WHAT THE TASK ASKS — Take the material below and reproduce, word for word, only the lines from the line with "Beachfront 3-bedroom With" through the line with "Toyota HiAce 1999 White".

THE DATA —
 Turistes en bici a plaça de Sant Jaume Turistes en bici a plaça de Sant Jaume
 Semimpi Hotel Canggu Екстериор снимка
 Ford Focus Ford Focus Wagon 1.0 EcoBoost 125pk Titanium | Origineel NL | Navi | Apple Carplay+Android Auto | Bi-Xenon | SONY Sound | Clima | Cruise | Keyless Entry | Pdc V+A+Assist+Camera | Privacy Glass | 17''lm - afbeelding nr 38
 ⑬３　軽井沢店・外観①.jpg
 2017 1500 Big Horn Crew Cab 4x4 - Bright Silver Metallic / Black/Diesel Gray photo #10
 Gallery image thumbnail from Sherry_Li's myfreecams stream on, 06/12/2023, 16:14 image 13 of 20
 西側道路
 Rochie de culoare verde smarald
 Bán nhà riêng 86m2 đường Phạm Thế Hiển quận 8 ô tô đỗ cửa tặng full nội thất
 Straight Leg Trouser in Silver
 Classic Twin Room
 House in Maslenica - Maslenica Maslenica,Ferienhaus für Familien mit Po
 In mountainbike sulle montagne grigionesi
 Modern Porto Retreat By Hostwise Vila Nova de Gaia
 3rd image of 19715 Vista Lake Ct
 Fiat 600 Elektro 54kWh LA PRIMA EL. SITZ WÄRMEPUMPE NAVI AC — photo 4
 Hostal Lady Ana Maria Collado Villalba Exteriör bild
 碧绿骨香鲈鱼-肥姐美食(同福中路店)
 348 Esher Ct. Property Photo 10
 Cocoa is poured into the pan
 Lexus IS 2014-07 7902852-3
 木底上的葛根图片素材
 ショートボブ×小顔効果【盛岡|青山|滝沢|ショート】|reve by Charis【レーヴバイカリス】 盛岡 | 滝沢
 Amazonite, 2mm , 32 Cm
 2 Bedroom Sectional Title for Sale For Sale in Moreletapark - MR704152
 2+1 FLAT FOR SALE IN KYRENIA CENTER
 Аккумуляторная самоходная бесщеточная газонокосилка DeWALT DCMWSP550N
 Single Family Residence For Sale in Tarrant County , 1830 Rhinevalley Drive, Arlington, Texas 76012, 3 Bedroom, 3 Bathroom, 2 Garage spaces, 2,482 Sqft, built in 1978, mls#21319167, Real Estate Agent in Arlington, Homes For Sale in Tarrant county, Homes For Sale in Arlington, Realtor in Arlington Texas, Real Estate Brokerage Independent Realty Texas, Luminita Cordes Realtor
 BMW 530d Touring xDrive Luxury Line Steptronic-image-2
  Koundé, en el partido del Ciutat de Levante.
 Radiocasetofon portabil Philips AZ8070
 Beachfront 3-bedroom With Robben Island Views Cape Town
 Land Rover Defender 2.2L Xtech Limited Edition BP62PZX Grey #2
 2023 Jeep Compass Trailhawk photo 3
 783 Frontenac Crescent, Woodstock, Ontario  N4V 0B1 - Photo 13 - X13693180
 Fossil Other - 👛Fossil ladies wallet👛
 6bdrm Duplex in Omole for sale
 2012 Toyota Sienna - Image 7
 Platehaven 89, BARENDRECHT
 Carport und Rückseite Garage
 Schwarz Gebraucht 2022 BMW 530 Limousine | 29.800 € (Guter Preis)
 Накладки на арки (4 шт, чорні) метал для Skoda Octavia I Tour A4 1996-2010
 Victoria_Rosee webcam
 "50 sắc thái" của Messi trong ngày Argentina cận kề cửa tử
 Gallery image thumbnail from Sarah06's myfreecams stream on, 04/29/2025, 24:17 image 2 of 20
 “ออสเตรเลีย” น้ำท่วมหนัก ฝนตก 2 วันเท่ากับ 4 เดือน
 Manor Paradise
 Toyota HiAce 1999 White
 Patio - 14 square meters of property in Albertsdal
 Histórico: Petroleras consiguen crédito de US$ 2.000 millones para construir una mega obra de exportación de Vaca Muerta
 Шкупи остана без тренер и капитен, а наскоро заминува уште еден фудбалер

EXERCISE RESULT —
 Beachfront 3-bedroom With Robben Island Views Cape Town
 Land Rover Defender 2.2L Xtech Limited Edition BP62PZX Grey #2
 2023 Jeep Compass Trailhawk photo 3
 783 Frontenac Crescent, Woodstock, Ontario  N4V 0B1 - Photo 13 - X13693180
 Fossil Other - 👛Fossil ladies wallet👛
 6bdrm Duplex in Omole for sale
 2012 Toyota Sienna - Image 7
 Platehaven 89, BARENDRECHT
 Carport und Rückseite Garage
 Schwarz Gebraucht 2022 BMW 530 Limousine | 29.800 € (Guter Preis)
 Накладки на арки (4 шт, чорні) метал для Skoda Octavia I Tour A4 1996-2010
 Victoria_Rosee webcam
 "50 sắc thái" của Messi trong ngày Argentina cận kề cửa tử
 Gallery image thumbnail from Sarah06's myfreecams stream on, 04/29/2025, 24:17 image 2 of 20
 “ออสเตรเลีย” น้ำท่วมหนัก ฝนตก 2 วันเท่ากับ 4 เดือน
 Manor Paradise
 Toyota HiAce 1999 White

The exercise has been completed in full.